PROBLEM TO SOLVE
Identify the line with "Wholesale Hip-Hop Exaggerated"; copy word for word that line and every one after it, to the end of the listing. Exclude pictures.

EXERCISE DATA
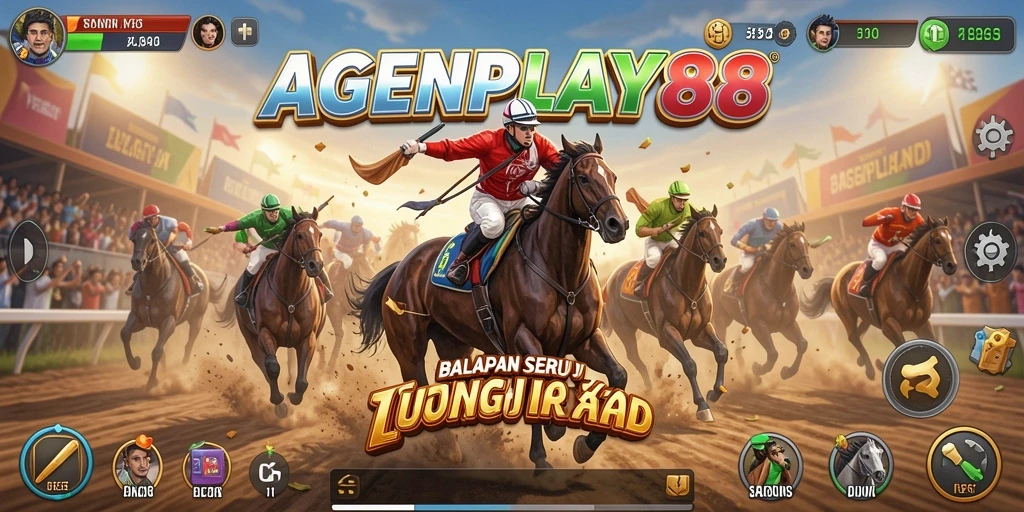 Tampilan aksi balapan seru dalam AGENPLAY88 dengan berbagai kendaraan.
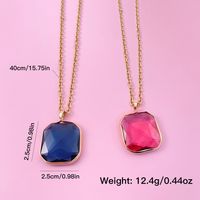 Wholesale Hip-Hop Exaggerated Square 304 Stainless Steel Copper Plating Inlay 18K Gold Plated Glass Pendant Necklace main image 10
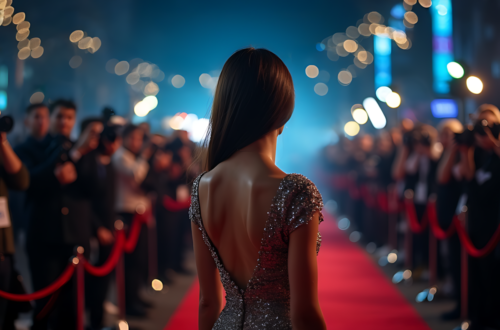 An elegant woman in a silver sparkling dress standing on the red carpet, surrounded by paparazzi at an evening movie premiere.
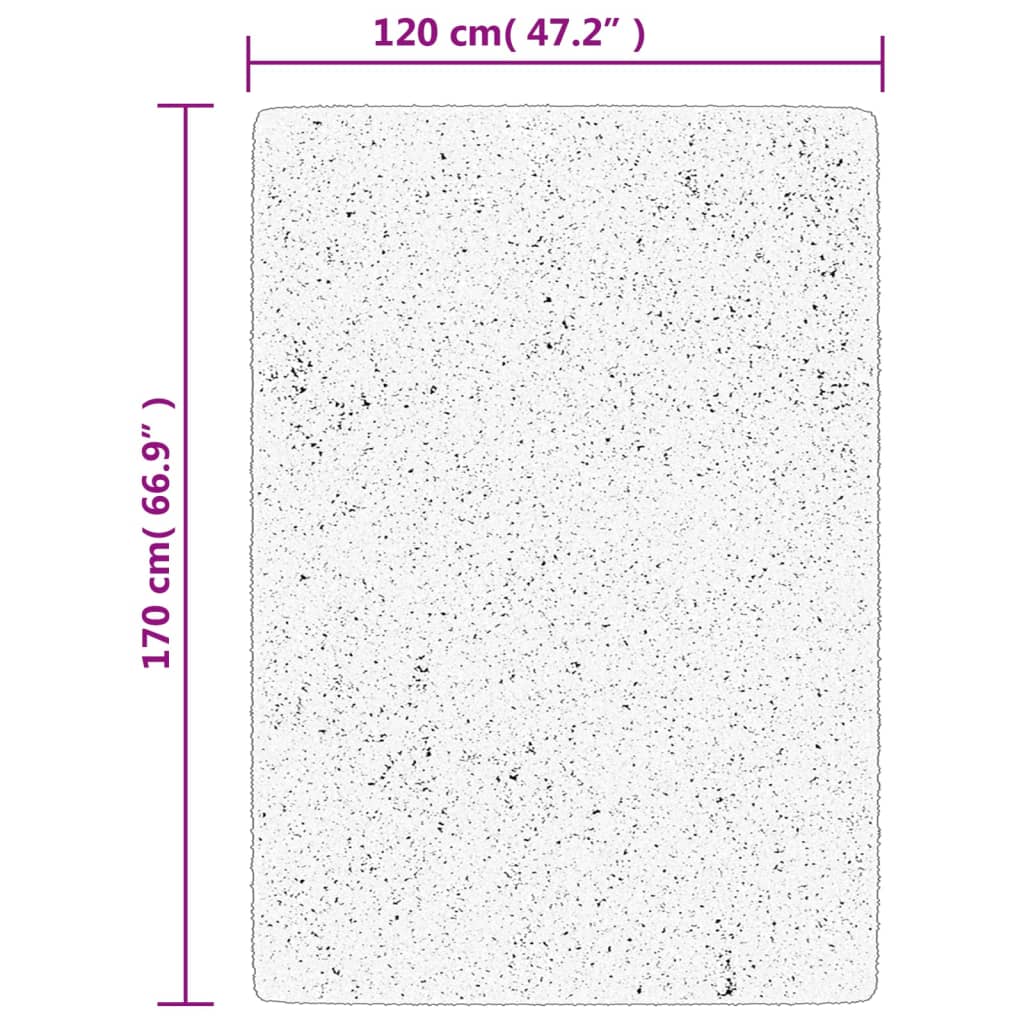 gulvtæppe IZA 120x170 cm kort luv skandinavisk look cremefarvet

YOUR RESPONSE
 Wholesale Hip-Hop Exaggerated Square 304 Stainless Steel Copper Plating Inlay 18K Gold Plated Glass Pendant Necklace main image 10
 An elegant woman in a silver sparkling dress standing on the red carpet, surrounded by paparazzi at an evening movie premiere.
 gulvtæppe IZA 120x170 cm kort luv skandinavisk look cremefarvet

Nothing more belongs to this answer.